Segment Start: Material shown

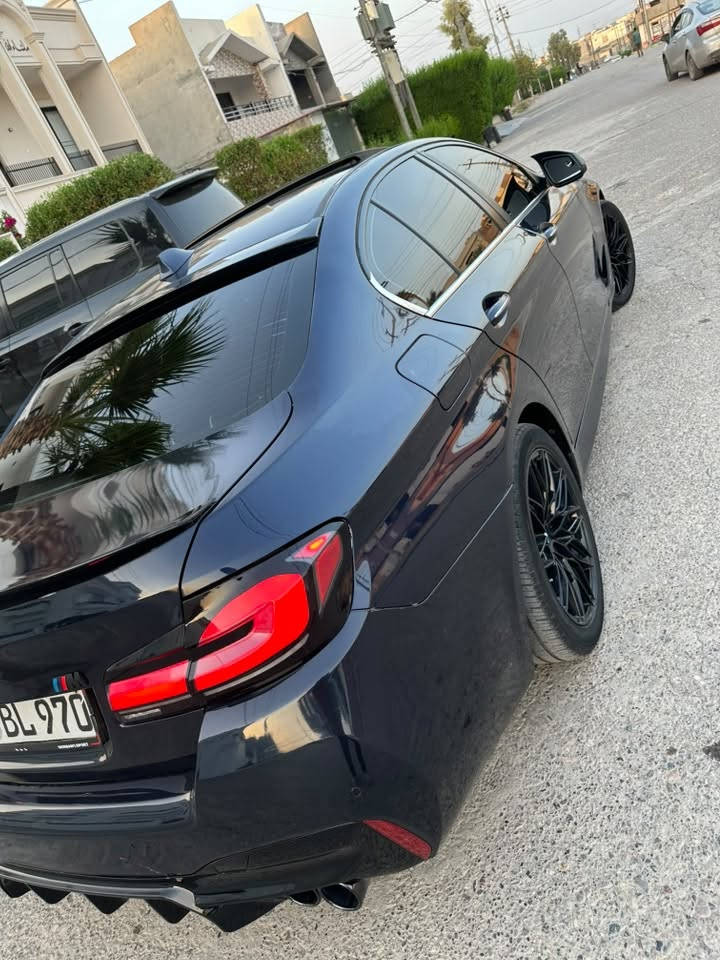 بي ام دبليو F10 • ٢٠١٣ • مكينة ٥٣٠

Segment End: Material shown
Segment Start: Material shown

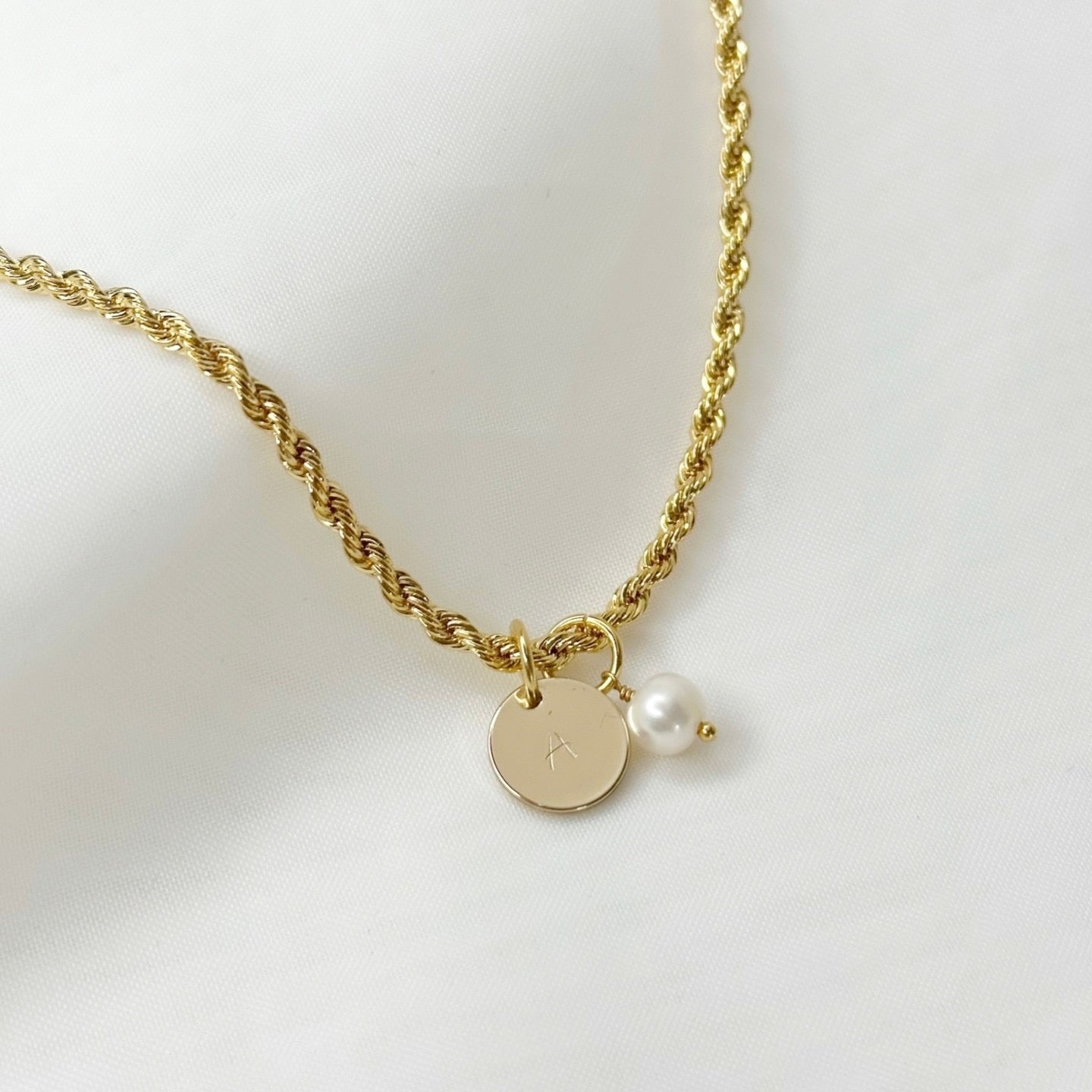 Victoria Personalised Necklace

Segment End: Material shown
Segment Start: Material shown

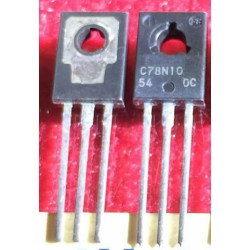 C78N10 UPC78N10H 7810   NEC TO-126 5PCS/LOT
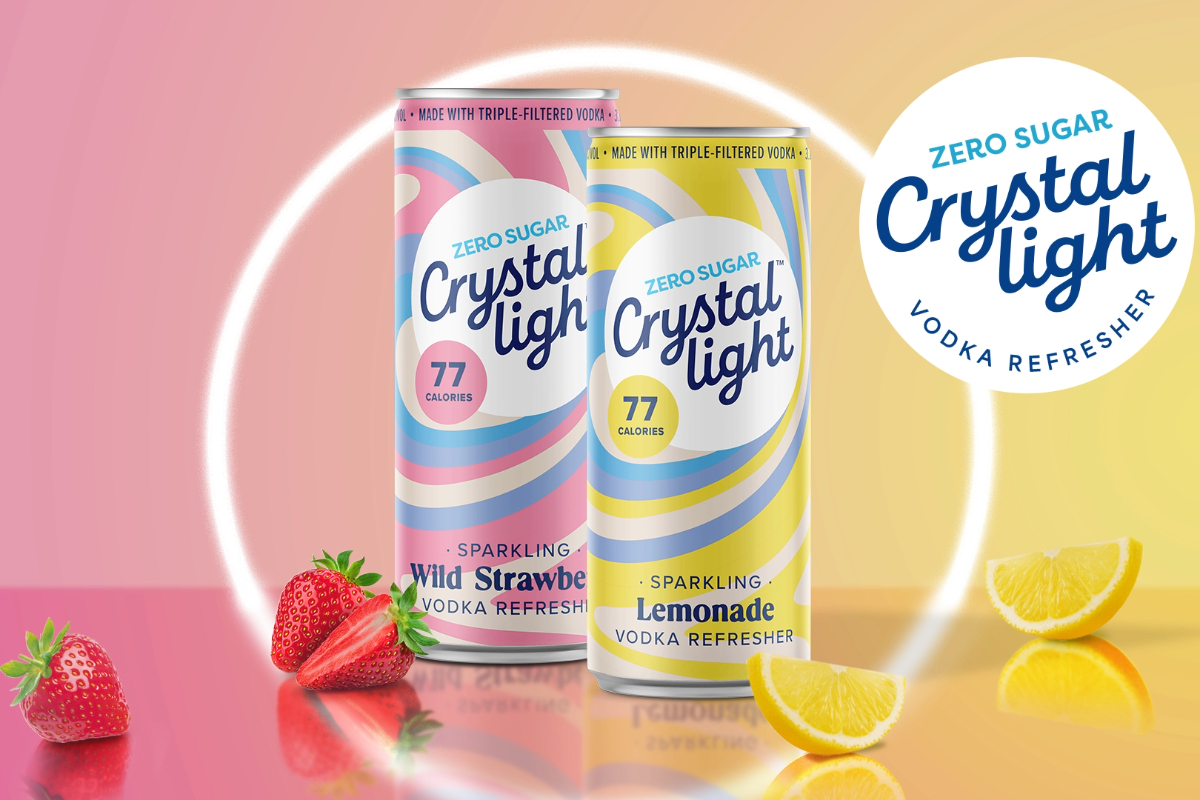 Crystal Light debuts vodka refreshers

Segment End: Material shown

*Assignment*
For the material above, give again only the lines starting at the line that contains "C78N10 UPC78N10H 7810" and ending at the line that contains "Crystal Light debuts vodka refreshers". Pictures do not belong in the copy.

*The completed task*
 C78N10 UPC78N10H 7810   NEC TO-126 5PCS/LOT
 Crystal Light debuts vodka refreshers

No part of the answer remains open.